Story by Reagan Ebb | Staff Writer, Video by Christina Soto | Broadcast Managing Editor
Baylor University posted a sign Sunday afternoon in the Student Life Center notifying students of a dress code policy change for the SLC. One of the new rules said female students could no longer wear shorts that were shorter than one’s fingertips. In response to the policy change, many students responded with frustration, turning to Twitter and Facebook to question Baylor’s decision.
In response to the student body, Baylor University issued a statement on Twitter, saying it had been brought to their attention that the newest change in dress code for the SLC created “confusion.”
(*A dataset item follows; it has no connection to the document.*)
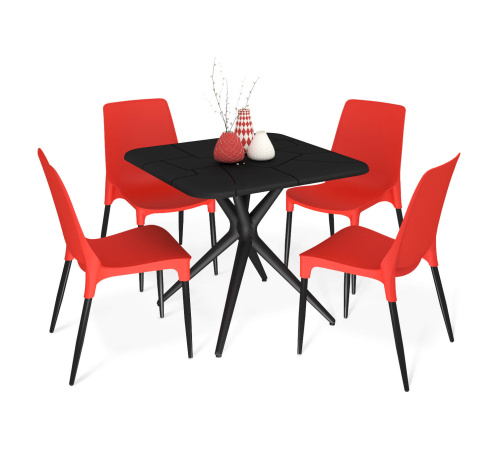 Обеденная группа 83х83х75 Черный/Красный фото в интернет-магазине BestWood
“Therefore, we are returning to our former interpretation of this policy and will seek additional student input should there be any proposed changes in the future,” the statement said.
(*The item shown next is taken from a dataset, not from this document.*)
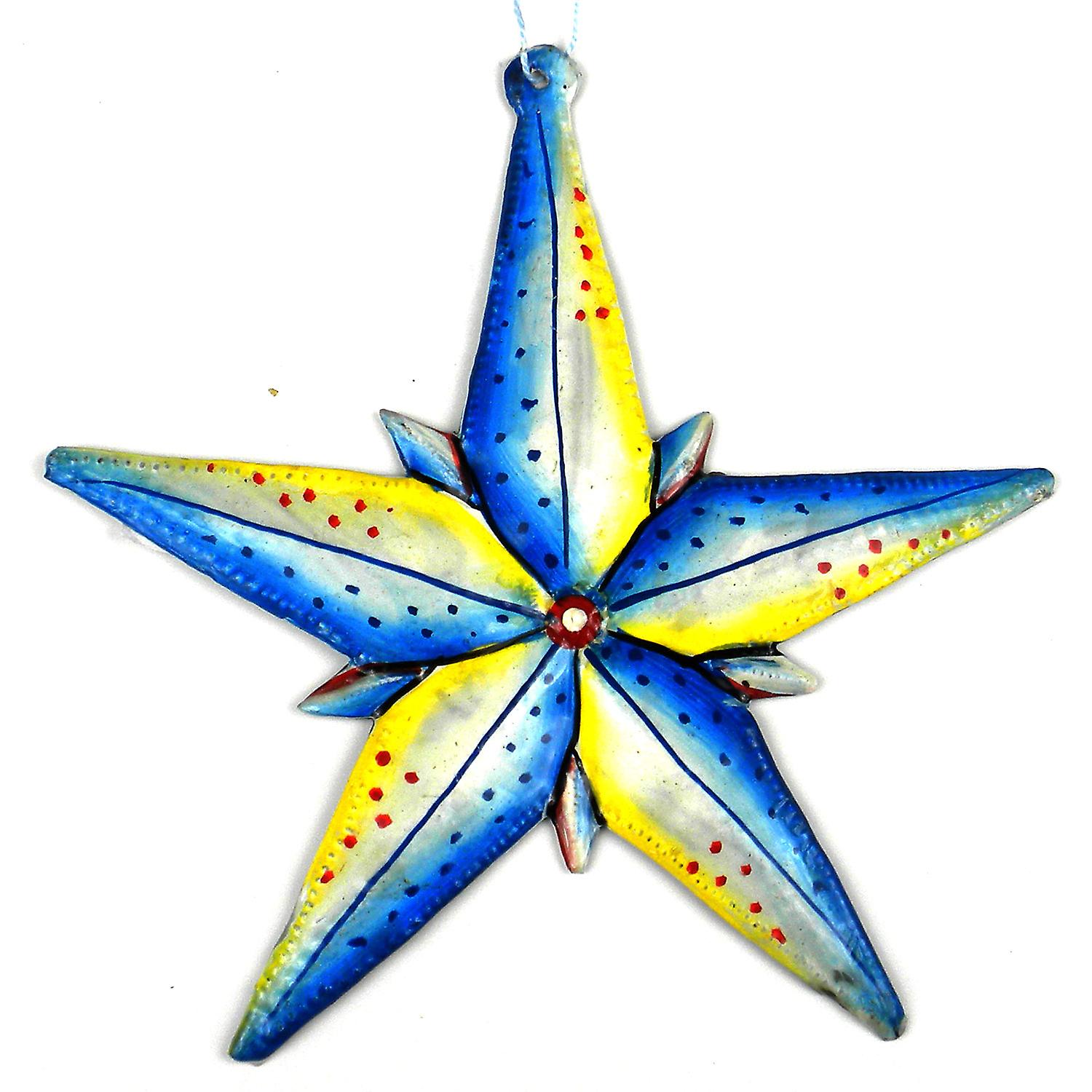Hand Painted Bright Steel Drum Ornament Yellow Croix des Bouquets (H)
Houston recent graduate Jacquelyn Kellar said she had mixed feelings about Sunday’s events. She said if she was still a student, she would not have had a problem with the new rules. Kellar also said she thought it was great that Baylor listened to the opinions of the students and that the school handled situation well.
“It’s important for students to feel heard,” Kellar said, “I believe that the responsibility to keep men focused in the gym should not fall to women and their attire.”
Atlanta sophomore Kerlin Anderson organized a student protest to be held outside the SLC at 6 a.m. Monday. The protest was canceled due to Baylor’s change of heart, but Anderson still plans on making her voice heard.
“Right now, with the #MeToo movement, voices are more important than ever,” Anderson said.
Anderson said current events like the Larry Nassar trial make this happening at Baylor even more enraging.
“You would think that Baylor was being conscious of how women are being treated,” Anderson said. “There is such a heightened consciousness around the issue of sexual gender generalizations.”
Anderson said even with such a small issue as a dress code change, that Baylor did not think about the repercussions of the event. She said the action seemed to foster a rape culture, saying that some people ask women what they were wearing when a sexual assault occurred.
“I felt that Baylor was almost for blaming women for how males were reacting to our athletic wear in an environment where we are working out. It’s just absurd,” Anderson said.
Anderson said she thinks Baylor only revoked the dress code because the students’ outrage.
Peoria, Ill., junior Amanda Seaboch said she was disappointed in how the university handled the situation, commenting on Baylor’s Title IX situation.
“It was two steps backwards in the direction we should go. Their initial reaction was ‘blame the victim,’ so it goes back to Title IX. Are they doing it because they have to? Or because they actually care about women?” Seaboch said.